Buttons have been used around the world to allow people to personally promote/advertise their political affiliations.

In 1787 Josiah Wedgwood of the Wedgwood pottery dynasty ordered the production of the Wedgwood anti-slavery medallion to promote the British anti-slavery movement to the House of Commons. This is believed to be the first use of a slogan on a product and a forerunner of today's political campaign button. The original was a stamp for wax but the image was later reproduced by Wedgewood as a porcelain cameo.

In the United States since the first presidential inauguration in 1789, George Washington's supporters wore buttons imprinted with a slogan. These early buttons were sewn to the lapel of a coat or worn as a pendant on a string.
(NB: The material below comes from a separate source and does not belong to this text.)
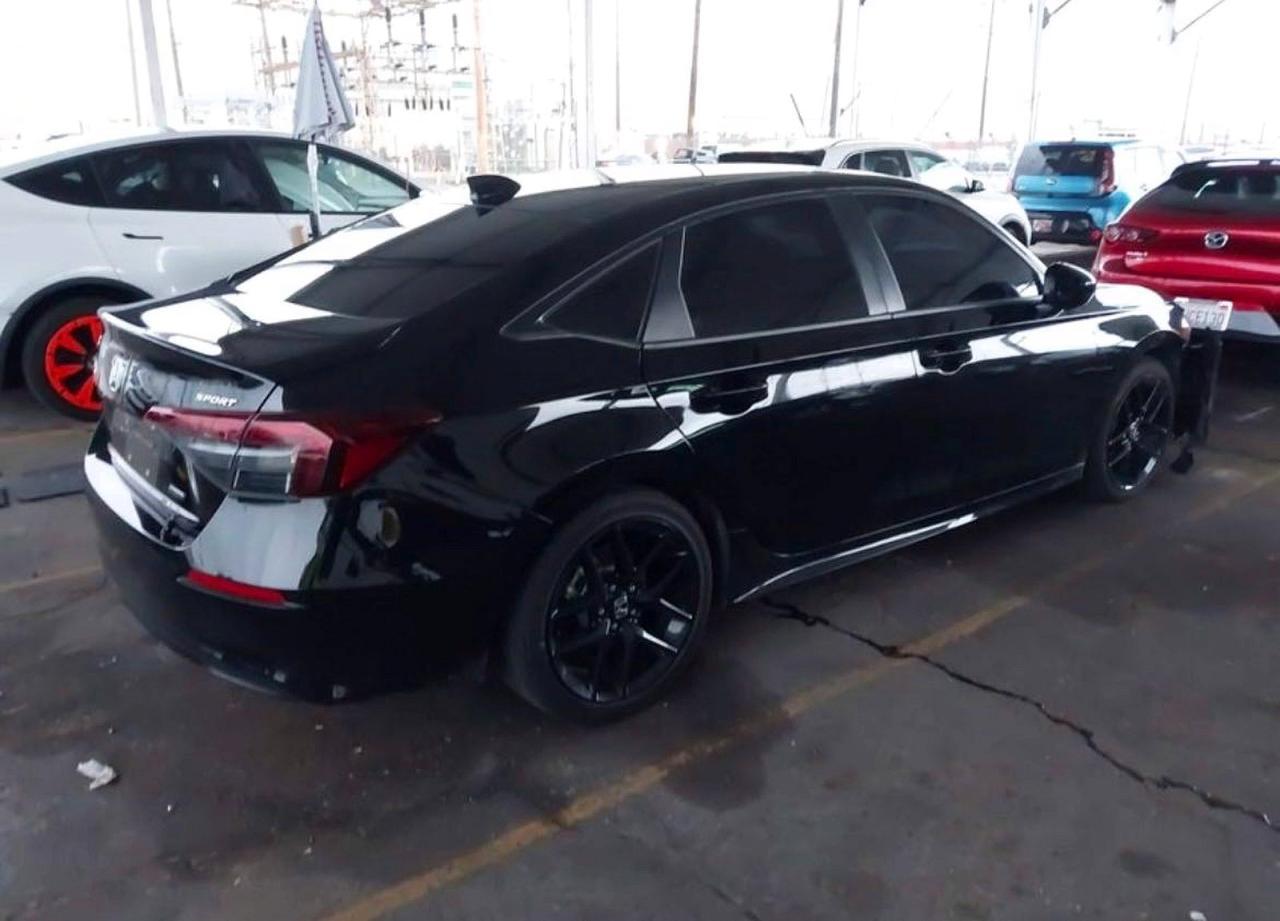 2025 Honda Civic Sport - Image 4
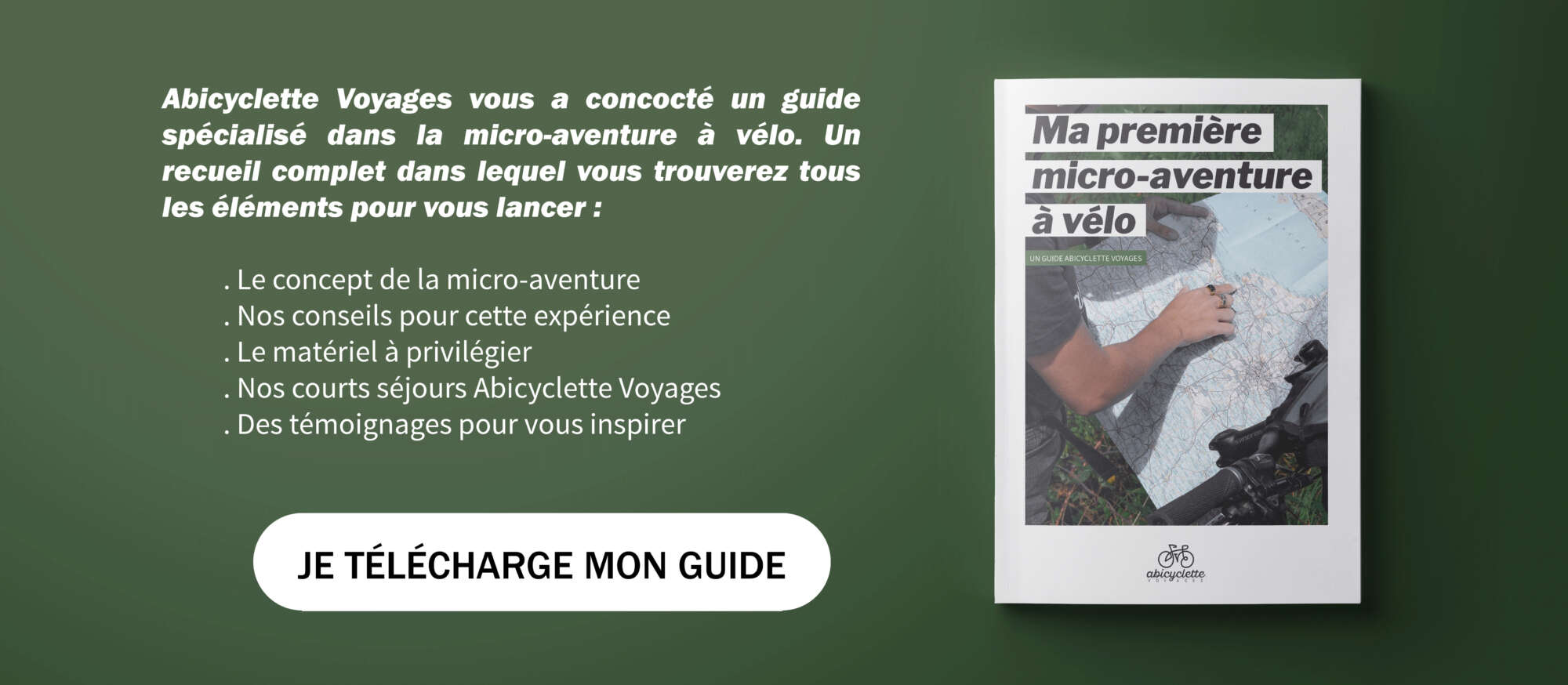 Guide micro-aventure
Some of the earliest campaign buttons to feature photographs were produced to promote the political platform of Abraham Lincoln in 1860.

Benjamin S. Whitehead patented the first innovation to the design in 1893 by inserting a sheet of transparent film made of celluloid over a photograph mounted on a badge to protect the image from scratches and abrasion. Whitehead had patents for various designs of ornamental badges and medallions previously, patented as early as 1892. Another patent was issued to Whitehead & Hoag on 21 July 1896 for a "Badge Pin or Button" which used a metal pin anchored to the back of the button to fasten the badge.
My present invention has reference to improvements in badges for use as lapel pins or buttons, or other like uses, and has for its primary object to provide ... a novel means for connecting the ornamental shell or button to the bar or pin for securing the badge to the lapel of the coat.

Other improvements and modifications to the basic design were patented in the following years by other inventors.

Early pin-back buttons from 1898 were printed with a popular cartoon character, The Yellow Kid, and offered as prizes with chewing gum or tobacco products to increase sales.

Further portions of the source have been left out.